La forza della recitazione della Parola di Dio e delle invocazioni dell’imam per la richiesta di ogni bene da parte del nostro Creatore, fa spesso sgorgare lacrime di profondo pentimento che lavano i cuori e lasciano una sensazione di pace, pienezza e soddisfazione.

A pochi adepti delle scuole iniziatiche estremamente qualificati invece, sono riservate quelle forme di Ricordo solitarie dette ‘Khalwa’ dove il discepolo si separa completamente del mondo per un certo periodo di tempo dedicandosi esclusivamente al Ricordo di Dio rimanendo da solo con il suo ego ed il suo Signore. Una prova durissima e intensa che ha l’obiettivo di perdersi nella dolcezza della solitudine per trovare l’Unica vera Compagnia che dovrà accompagnarlo con quello stato una volta uscito: quella di Dio. Per il comune credente è più difficile realizzare questo in una pratica devozionale comune, come una delle cinque preghiere quotidiane, ma non è affatto impossibile. È pur sempre una questione di autodisciplina e di controllo del proprio ego.

Dice infatti il Maestro Ibnu Ata Allah as-Sakandari nel suo libro ‘Sentenze e colloquio mistico’: “Niente giova al cuore come una solitudine che gli permette di entrare nel campo della meditazione”.

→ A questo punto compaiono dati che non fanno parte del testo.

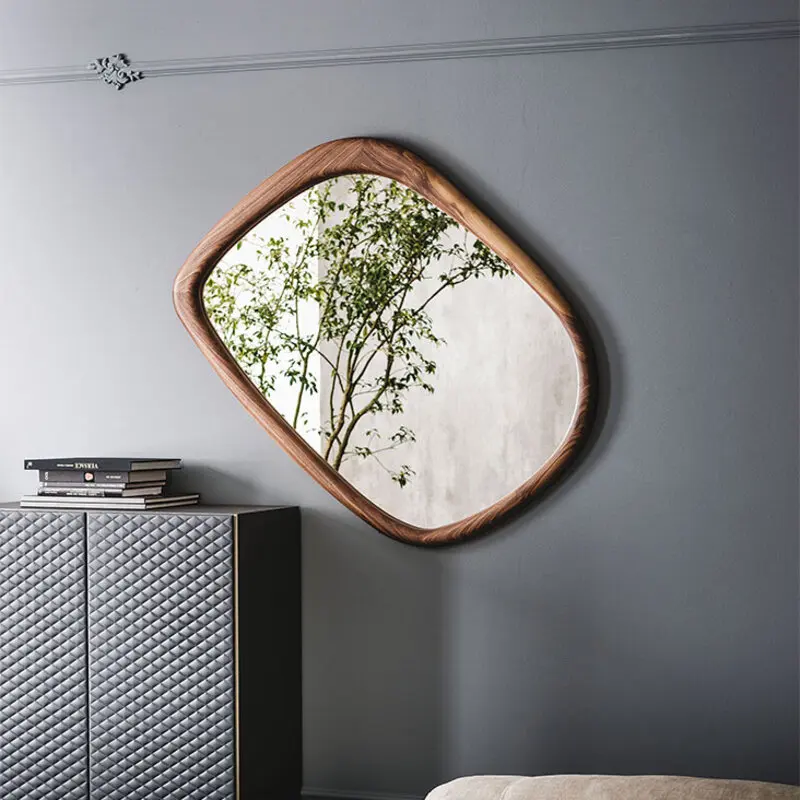 

Nordic Antique Bath Mirrors Irregular Makeup Wave Irregular Mirror Shower Vanity Japanese Espejo De Pared Room Ornaments DX50JZ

Con l’avvento del nuovo secolo e la nascita di smartphone e social network, la quasi totalità degli occidentali e una grossa fetta dei popoli orientali che vivono di riflesso allo sviluppo tecnologico dei primi, hanno subito una forte ristrutturazione della società. Prima di quell’evento infatti le persone vivevano principalmente la propria vita sociale all’interno delle piazze e della comunità, sviluppavano rapporti interpersonali faccia a faccia e mantenevano un contatto con i propri pari pressoché continuo. Oggi i luoghi virtuali hanno preso il posto delle piazze e gli smartphone sono diventati il piccolo oblò dal quale vediamo la realtà che ci circonda secondo gli algoritmi che decidono di mostrarci una cosa piuttosto che un’altra.

Prima di tutto questo vi era il condizionamento della televisione che veniva però limitato dal continuo contatto umano. Il presente invece è fatto di persone che vivono i rapporti sociali in completa solitudine,  totalmente condizionati dalla visione che ci viene proposta da chi ci ha venduto i servizi che utilizziamo.

Questo ci lascia continuamente da soli con il nostro ego, e mentre la nostra assenza corporea in una società di esseri umani veri concretizza la nostra sensazione di ‘non essere’ siamo spinti a concorrere in un continuo turbine di affermazione e di presenza nel web dove chi ha sviluppato l’ego più grande è più visibile degli altri, e la sua ‘nuova esistenza’ virtuale si concretizza proporzionalmente alla quantità dei suoi followers.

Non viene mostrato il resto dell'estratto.